The line containing "Grow Great Vegetables in NC" and every line after it, through the end of the records below: repeat them exactly, nothing more.

● Data excerpts:
★ ★ ★ ★

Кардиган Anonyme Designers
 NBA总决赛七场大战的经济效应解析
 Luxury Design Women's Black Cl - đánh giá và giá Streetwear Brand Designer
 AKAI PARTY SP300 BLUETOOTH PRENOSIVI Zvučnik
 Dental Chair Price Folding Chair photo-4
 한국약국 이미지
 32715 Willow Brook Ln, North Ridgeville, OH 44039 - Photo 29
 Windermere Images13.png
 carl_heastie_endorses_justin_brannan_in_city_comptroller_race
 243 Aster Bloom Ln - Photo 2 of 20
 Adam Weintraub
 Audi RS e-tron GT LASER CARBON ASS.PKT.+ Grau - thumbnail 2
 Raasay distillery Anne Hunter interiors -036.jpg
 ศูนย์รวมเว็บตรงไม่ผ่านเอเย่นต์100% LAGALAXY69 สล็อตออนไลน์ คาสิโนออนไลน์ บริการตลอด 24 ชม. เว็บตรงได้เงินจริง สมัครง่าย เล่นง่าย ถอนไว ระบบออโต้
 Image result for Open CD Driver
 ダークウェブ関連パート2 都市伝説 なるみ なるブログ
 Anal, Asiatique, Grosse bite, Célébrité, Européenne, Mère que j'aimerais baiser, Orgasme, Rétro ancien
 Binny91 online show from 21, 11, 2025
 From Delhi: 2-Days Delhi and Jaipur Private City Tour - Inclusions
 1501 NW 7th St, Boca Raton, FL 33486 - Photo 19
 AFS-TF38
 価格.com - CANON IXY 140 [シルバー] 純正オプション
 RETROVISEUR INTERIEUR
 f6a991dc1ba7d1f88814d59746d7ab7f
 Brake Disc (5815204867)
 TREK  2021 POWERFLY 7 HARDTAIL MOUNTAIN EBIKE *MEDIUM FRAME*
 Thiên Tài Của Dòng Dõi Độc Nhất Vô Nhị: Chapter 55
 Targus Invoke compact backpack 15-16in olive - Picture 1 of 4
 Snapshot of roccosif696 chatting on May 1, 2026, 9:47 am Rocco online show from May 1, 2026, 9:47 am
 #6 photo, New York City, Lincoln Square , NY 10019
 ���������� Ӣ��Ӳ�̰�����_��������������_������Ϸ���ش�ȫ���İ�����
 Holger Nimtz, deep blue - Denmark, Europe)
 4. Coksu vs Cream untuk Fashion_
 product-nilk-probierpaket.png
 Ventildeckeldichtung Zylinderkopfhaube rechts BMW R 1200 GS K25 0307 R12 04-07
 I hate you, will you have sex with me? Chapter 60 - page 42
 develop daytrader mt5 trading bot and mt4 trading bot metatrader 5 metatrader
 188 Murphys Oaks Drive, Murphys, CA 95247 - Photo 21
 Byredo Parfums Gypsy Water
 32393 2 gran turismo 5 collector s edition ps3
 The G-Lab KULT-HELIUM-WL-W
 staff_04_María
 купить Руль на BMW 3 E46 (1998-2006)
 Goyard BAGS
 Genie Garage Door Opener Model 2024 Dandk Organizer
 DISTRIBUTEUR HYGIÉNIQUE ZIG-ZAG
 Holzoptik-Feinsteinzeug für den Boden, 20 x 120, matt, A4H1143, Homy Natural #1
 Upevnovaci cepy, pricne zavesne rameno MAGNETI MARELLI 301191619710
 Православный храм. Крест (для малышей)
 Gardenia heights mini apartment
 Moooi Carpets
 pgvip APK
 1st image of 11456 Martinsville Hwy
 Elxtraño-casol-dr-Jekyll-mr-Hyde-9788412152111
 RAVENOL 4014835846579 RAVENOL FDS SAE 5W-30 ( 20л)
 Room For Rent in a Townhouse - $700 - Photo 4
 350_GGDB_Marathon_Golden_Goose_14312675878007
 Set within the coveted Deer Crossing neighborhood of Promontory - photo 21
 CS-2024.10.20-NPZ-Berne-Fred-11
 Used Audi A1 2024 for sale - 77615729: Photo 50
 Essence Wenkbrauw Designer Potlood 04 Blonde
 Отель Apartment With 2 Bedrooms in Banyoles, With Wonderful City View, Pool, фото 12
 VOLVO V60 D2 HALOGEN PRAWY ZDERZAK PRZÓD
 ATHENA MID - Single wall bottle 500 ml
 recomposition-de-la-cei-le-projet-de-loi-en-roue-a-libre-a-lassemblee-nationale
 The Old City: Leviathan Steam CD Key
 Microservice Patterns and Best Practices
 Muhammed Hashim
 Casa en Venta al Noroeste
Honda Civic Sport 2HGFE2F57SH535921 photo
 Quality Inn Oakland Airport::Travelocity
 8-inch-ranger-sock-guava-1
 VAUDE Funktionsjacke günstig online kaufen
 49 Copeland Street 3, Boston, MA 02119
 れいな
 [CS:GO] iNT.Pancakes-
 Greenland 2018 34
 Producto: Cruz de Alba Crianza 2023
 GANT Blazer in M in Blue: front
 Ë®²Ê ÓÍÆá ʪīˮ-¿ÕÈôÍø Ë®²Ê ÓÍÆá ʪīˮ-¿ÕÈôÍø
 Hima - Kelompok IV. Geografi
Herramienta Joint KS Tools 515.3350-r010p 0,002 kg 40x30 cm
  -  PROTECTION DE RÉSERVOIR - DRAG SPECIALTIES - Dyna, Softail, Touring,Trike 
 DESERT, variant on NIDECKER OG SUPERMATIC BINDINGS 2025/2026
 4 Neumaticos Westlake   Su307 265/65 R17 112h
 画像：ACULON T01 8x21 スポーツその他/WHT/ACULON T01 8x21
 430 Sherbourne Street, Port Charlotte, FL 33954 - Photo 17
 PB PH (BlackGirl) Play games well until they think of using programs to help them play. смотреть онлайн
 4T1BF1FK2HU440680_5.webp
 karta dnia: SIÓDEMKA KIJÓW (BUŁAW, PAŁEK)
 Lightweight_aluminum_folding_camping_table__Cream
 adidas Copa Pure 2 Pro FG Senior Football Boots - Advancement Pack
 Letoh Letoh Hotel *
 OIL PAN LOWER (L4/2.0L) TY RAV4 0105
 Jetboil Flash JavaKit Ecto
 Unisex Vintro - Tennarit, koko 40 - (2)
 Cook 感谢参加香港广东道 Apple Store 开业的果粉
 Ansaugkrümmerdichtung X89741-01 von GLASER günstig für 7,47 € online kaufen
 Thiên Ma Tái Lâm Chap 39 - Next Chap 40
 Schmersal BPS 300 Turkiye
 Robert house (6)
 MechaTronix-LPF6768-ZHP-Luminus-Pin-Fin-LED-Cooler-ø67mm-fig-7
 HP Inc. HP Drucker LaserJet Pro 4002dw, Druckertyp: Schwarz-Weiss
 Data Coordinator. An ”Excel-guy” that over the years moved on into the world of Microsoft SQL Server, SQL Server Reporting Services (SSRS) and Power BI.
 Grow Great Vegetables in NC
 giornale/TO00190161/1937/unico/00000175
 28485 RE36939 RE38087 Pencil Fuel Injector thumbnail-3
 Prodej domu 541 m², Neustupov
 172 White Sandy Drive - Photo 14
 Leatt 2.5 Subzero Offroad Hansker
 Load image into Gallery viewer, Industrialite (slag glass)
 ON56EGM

★ ★ ★ ★

● Response for this exercise:
 Grow Great Vegetables in NC
 giornale/TO00190161/1937/unico/00000175
 28485 RE36939 RE38087 Pencil Fuel Injector thumbnail-3
 Prodej domu 541 m², Neustupov
 172 White Sandy Drive - Photo 14
 Leatt 2.5 Subzero Offroad Hansker
 Load image into Gallery viewer, Industrialite (slag glass)
 ON56EGM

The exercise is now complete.